** Work task **
Take from the data every line in which the word "grass" is found.
*** Opening Data provided ***
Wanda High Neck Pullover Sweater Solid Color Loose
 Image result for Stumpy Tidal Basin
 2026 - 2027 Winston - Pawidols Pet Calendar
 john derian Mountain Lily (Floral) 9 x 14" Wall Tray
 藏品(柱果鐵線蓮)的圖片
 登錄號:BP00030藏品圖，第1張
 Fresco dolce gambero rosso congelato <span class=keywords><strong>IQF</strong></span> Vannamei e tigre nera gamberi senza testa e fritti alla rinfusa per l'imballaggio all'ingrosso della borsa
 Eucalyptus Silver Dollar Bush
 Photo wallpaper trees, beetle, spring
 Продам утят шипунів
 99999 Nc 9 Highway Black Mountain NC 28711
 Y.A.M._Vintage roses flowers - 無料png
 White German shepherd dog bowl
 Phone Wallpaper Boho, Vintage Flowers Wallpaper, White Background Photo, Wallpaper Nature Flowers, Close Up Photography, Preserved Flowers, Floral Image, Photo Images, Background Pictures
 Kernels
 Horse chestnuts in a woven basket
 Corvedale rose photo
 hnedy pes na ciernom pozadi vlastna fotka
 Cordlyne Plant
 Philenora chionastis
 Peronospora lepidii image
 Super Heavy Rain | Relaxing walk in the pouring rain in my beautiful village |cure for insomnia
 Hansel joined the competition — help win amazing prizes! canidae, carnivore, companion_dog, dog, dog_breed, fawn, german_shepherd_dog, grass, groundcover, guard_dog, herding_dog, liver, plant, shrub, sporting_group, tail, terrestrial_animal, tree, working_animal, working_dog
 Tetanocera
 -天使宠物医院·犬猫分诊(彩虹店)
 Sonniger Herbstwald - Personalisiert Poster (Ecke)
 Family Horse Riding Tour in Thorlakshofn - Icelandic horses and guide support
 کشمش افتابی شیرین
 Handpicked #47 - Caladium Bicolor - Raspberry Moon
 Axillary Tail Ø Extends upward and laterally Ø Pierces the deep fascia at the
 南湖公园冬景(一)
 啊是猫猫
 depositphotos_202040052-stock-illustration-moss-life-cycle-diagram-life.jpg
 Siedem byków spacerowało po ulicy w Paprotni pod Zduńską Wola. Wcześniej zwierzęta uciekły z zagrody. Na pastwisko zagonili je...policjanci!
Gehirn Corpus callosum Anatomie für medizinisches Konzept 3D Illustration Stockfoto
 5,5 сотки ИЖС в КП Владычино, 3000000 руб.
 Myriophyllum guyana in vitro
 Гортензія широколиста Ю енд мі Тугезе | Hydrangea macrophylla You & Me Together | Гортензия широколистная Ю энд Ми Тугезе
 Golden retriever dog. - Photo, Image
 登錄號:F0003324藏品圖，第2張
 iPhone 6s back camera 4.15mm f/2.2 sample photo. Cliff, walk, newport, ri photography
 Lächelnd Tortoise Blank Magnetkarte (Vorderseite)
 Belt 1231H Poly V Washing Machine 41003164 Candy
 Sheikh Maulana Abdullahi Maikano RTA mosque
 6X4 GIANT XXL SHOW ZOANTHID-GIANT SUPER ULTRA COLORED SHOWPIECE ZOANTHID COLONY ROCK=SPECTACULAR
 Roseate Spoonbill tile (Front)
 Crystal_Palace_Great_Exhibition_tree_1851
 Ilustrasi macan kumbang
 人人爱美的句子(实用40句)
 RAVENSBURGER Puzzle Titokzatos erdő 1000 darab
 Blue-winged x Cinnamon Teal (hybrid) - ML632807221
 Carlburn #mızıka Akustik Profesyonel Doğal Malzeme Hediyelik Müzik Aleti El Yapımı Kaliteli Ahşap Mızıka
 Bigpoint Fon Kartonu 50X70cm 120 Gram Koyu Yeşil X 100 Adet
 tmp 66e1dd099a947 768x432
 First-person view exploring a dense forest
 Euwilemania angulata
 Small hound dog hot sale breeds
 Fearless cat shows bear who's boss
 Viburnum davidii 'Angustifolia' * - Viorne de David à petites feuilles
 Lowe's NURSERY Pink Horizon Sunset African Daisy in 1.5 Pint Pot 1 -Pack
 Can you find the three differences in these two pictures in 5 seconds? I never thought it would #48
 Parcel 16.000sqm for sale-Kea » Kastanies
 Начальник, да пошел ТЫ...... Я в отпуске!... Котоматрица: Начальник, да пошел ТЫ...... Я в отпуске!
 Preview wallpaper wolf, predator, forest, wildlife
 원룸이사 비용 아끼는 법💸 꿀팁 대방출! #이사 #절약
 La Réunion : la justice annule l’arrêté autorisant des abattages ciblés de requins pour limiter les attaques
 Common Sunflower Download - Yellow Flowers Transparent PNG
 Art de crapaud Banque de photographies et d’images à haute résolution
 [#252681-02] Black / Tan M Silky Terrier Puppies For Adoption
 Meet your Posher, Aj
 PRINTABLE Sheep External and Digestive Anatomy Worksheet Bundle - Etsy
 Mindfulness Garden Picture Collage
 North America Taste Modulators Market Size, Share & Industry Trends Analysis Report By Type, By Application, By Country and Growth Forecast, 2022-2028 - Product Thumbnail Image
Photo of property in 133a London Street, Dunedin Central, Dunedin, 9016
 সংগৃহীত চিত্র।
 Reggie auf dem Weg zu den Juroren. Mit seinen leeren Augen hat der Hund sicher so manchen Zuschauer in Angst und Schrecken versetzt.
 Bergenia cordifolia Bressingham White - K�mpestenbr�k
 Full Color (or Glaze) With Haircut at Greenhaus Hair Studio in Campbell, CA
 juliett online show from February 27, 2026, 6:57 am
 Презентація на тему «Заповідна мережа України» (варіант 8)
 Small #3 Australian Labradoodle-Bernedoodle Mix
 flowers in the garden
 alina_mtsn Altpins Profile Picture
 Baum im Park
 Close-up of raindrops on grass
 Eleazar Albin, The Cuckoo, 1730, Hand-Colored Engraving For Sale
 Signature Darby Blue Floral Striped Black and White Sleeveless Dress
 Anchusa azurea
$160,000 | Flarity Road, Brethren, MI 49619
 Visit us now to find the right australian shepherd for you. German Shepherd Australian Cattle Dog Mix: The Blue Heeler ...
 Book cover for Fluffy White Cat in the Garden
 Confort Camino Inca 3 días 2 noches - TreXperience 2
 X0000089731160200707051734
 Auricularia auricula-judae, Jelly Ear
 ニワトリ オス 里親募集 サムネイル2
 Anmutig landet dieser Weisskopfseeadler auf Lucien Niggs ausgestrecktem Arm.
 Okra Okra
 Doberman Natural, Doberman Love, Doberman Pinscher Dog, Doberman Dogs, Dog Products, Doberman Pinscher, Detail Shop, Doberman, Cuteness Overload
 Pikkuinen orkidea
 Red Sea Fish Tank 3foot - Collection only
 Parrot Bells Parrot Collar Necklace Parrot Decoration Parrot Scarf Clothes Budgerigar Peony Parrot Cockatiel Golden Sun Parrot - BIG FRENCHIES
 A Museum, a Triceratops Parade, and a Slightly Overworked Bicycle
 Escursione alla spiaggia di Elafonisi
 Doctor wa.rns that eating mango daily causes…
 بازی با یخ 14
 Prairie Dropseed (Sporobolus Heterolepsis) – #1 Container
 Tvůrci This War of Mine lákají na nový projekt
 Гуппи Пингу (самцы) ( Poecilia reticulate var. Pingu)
*** Closing Data provided ***
** Result of the task **
 Hansel joined the competition — help win amazing prizes! canidae, carnivore, companion_dog, dog, dog_breed, fawn, german_shepherd_dog, grass, groundcover, guard_dog, herding_dog, liver, plant, shrub, sporting_group, tail, terrestrial_animal, tree, working_animal, working_dog
 Close-up of raindrops on grass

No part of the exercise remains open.